Como já foi muito bem dito aqui, um show BENEFICENTE _"no tiene por que ser gratis al menos por aquí ya que *lo recaudado es donado* normalmente a entidades"_

Para esclarecer ainda mais, em português, as duas frases do seu exemplo querem dizer a mesma coisa, ou seja, que o público não paga.
_- ellos deben de *hacer* un espectáculo *gratis*_
_- ellos debe de hacer gratuitamente un espectáculo._

Aproveito para comentar que no Brasil as pessoas não costumam falar abertamente sobre quanto ganham ou deixam de ganhar e é de muito mau gosto perguntar. Ao contrário da Espanha, onde moro, onde as pessoas sempre me perguntam quanto eu "cobro" sem nem me conhecerem direito.

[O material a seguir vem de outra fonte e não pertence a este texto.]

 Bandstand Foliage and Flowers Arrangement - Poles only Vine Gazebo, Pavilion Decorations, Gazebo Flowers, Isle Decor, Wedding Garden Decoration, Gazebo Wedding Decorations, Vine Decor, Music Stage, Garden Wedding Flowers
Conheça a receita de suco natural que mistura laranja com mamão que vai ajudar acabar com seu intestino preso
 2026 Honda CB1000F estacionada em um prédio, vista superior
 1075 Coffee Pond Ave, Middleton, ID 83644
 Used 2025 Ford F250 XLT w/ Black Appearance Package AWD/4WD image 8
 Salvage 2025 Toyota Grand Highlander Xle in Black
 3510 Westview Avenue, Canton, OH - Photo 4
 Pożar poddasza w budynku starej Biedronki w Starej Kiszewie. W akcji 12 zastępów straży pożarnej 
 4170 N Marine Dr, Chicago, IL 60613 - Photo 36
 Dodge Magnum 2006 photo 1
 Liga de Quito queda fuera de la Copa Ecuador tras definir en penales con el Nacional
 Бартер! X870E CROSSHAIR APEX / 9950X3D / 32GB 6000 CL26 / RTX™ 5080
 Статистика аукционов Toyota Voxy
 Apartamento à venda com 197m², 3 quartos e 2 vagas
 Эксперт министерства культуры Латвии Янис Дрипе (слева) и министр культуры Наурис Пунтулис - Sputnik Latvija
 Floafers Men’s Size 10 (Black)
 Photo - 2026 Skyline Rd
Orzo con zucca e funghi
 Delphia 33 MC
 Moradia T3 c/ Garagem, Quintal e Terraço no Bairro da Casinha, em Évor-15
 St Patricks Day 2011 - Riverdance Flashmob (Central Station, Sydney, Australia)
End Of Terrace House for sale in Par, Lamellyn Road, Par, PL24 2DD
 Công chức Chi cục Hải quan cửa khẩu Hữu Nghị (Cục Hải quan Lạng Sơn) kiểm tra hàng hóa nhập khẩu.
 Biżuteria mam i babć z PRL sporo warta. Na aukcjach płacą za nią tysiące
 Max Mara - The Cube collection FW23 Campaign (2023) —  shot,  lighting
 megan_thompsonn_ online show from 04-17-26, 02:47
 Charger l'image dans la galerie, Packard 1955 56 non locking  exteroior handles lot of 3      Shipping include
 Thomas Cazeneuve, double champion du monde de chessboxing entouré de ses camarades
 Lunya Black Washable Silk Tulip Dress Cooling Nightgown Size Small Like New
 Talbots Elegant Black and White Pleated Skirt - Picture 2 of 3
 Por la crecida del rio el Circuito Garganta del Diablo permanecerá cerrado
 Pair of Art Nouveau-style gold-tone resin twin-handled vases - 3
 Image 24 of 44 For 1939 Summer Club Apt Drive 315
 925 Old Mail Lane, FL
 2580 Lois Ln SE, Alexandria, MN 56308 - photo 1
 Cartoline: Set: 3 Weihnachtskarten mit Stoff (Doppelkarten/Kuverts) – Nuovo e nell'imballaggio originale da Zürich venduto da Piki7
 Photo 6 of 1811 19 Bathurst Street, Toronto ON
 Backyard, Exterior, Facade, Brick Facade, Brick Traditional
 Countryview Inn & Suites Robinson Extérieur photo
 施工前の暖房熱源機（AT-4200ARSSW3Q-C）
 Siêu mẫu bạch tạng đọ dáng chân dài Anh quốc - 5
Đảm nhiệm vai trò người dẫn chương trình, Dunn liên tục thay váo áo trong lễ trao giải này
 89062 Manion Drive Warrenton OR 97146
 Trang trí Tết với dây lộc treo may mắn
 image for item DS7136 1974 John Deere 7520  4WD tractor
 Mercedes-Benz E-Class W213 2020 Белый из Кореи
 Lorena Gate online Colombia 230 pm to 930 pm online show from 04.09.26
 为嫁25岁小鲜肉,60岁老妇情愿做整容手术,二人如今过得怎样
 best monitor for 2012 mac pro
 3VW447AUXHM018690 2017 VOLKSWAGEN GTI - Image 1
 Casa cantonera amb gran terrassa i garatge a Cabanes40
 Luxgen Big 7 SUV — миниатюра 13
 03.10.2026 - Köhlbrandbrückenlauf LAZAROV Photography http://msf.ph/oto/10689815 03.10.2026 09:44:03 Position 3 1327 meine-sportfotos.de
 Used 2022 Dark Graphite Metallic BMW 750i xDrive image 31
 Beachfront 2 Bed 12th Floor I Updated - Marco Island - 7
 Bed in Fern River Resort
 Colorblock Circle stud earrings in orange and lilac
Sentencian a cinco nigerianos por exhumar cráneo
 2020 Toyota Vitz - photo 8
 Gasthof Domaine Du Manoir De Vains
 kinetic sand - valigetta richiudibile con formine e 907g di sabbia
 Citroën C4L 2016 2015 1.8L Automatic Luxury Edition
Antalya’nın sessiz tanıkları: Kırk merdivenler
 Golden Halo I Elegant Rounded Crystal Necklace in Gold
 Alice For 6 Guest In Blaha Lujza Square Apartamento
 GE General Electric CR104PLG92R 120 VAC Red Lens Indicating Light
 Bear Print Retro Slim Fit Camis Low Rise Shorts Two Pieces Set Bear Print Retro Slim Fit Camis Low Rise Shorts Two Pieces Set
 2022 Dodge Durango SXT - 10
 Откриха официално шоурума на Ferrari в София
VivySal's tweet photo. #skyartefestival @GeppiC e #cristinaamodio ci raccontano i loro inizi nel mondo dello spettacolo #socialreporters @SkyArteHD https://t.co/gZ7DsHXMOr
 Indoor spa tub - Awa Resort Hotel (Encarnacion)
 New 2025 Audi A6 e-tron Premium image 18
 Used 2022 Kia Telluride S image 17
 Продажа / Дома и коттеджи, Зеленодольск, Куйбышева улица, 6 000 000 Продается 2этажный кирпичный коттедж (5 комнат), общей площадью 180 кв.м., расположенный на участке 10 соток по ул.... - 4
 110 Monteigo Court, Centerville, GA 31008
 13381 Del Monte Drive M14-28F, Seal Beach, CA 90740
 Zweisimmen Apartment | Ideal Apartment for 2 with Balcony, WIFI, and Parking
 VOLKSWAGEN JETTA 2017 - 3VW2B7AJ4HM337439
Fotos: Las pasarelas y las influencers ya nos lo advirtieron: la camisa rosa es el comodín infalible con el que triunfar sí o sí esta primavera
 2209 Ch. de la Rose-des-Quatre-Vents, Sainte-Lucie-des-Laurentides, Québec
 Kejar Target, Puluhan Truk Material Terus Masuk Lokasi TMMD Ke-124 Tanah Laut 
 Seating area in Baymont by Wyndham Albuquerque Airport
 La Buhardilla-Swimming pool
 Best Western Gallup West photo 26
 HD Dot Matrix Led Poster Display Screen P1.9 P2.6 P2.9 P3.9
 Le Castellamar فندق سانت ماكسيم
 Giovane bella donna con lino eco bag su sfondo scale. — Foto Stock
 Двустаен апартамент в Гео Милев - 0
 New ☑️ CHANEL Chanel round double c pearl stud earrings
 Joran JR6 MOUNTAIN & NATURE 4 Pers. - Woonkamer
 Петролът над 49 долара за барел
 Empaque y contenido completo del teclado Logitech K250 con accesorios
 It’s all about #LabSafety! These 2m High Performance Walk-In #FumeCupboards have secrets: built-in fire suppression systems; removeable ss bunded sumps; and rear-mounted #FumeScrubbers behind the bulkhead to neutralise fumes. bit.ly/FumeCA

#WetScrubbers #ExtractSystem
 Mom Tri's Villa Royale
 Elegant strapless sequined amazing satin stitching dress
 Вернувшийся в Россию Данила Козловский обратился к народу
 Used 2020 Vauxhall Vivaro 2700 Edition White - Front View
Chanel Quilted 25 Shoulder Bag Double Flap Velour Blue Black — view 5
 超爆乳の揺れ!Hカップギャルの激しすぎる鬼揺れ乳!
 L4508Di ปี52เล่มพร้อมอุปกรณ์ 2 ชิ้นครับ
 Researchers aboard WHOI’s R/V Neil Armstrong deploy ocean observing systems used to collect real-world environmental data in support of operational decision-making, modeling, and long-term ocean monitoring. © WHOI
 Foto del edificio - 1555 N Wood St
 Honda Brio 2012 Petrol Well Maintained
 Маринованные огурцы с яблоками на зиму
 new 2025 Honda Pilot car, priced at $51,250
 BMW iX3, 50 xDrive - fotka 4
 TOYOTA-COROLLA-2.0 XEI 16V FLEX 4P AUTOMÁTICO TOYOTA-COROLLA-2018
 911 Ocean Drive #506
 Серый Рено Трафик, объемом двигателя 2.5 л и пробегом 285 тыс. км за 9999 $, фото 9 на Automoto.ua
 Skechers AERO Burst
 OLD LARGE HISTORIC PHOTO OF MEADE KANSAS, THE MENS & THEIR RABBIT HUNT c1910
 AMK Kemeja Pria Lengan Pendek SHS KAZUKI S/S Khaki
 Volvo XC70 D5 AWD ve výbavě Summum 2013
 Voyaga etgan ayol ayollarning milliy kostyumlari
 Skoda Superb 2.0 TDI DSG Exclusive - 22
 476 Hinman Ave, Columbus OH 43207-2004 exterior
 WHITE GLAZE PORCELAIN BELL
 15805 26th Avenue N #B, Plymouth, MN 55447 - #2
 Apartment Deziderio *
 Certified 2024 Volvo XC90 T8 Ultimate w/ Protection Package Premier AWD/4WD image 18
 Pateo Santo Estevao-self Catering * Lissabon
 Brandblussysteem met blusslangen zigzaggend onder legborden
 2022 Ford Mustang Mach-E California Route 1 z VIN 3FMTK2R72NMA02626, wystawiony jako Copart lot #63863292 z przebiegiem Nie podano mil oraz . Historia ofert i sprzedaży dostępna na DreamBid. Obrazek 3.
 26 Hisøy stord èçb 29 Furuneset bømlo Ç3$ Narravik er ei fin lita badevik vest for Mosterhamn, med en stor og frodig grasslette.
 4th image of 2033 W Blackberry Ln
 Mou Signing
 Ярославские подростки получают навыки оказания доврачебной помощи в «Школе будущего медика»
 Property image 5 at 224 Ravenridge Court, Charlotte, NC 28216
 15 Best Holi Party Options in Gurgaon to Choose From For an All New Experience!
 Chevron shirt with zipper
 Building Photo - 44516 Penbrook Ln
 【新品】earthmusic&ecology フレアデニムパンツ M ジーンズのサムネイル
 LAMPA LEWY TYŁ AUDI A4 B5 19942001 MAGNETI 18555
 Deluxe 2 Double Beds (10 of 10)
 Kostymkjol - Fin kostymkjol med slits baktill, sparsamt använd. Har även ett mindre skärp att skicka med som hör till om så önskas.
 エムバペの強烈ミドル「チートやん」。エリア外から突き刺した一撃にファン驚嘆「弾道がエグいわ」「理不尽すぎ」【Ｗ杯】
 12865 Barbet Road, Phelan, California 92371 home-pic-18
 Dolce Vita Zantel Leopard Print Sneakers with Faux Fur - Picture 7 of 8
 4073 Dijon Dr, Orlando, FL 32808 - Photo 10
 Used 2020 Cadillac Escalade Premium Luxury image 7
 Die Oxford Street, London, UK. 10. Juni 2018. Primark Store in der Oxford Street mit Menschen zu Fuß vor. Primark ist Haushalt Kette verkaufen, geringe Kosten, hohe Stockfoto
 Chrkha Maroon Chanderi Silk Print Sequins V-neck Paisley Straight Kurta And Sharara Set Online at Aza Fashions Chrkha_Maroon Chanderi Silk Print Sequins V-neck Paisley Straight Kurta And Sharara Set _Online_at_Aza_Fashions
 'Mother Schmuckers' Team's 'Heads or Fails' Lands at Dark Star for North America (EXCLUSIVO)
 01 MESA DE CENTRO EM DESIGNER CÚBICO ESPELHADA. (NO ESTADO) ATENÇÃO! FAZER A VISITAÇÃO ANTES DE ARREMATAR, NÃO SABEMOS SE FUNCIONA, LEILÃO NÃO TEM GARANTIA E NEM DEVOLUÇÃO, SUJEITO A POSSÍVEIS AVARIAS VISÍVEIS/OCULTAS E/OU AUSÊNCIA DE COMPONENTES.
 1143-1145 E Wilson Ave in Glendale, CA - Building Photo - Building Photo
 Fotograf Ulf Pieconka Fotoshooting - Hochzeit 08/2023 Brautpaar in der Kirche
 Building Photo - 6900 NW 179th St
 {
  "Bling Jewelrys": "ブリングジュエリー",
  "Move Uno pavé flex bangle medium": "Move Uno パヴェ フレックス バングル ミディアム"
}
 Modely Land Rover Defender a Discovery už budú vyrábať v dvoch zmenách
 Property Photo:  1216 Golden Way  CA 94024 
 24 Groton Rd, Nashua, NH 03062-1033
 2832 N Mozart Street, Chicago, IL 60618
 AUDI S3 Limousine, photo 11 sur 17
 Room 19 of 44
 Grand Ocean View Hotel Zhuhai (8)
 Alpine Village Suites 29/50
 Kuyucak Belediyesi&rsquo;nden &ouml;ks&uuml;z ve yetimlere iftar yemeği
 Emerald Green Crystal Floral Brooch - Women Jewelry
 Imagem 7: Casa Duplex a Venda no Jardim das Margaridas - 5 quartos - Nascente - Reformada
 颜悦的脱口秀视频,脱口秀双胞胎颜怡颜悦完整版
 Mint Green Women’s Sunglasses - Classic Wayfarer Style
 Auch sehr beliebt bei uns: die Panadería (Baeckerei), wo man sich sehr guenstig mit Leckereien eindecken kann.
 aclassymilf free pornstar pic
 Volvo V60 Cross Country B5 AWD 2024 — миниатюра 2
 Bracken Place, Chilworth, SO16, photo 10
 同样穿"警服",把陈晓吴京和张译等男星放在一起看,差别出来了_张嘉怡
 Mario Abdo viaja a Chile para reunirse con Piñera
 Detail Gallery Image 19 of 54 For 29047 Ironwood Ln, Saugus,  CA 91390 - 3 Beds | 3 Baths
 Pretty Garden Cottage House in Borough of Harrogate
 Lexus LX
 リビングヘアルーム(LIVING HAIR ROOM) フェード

Portanto, quem tiver a ousadia de perguntar isso a um brasileiro, não reclame se receber como resposta uma bela mentira, como punição por haver perguntado. Quem ganha pouco vai mentir para cima a fim de não se sentir humilhado e quem ganha muito vai mentir para baixo a fim de não criar "olho gordo" e outras situações indesejadas, com pedidos de empréstimo, por exemplo.

Lembro, porém, que - como o país é muito grande - pode haver regiões onde este tema não seja tabu e também pessoas que não se importem por responder com sinceridade.

Será que ajudei em algo?


----------